Em nenhum momento o autor busca retomar a posição do PSOL sobre a questão. A descrição do “amplo campo da oposição” é suficiente, já que o PSOL trabalhou como o principal defensor de traiçoeiramente se concentrar na “loucura” e “incompetência” de Vélez comum a esse “amplo campo”.

Agora, com Weintraub sofrendo pesadas críticas da mídia burguesa por “politizar” os cortes na educação, o PSOL está pronto para desempenhar o mesmo papel novamente.
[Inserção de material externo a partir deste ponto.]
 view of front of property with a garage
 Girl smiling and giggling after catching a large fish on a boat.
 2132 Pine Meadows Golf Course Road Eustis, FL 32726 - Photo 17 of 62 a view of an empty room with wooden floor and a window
Na sua avaliação da manifestação de 15 de maio, o ideólogo do partido, Valério Arcary, deixou claro que defende o “’Fora Weintraub” como palavra de ordem das manifestações” – um sentimento com o qual qualquer editorialista da mídia corporativa concorda.

À medida que os trabalhadores e jovens entram em luta contra Bolsonaro e o sistema capitalista que o produziu, essas manobras devem ser implacavelmente denunciadas. Nada aterroriza mais a classe dominante – e seus defensores pequeno-burgueses na pseudo-esquerda – do que a ação independente dos trabalhadores. As pseudo-esquerdas – incluindo o morenista PSTU e os lambertistas entrincheirados nos sindicatos do PCO – enxergam-se corretamente, tanto quanto a classe dominante, como alvos do movimento independente da classe trabalhadora. Elas se juntam, portanto, à operação do PT, ou fornecem a ela uma cobertura de esquerda, fazendo de tudo ao seu alcance para desorientar e desviar a crescente ofensiva dos trabalhadores e da juventude.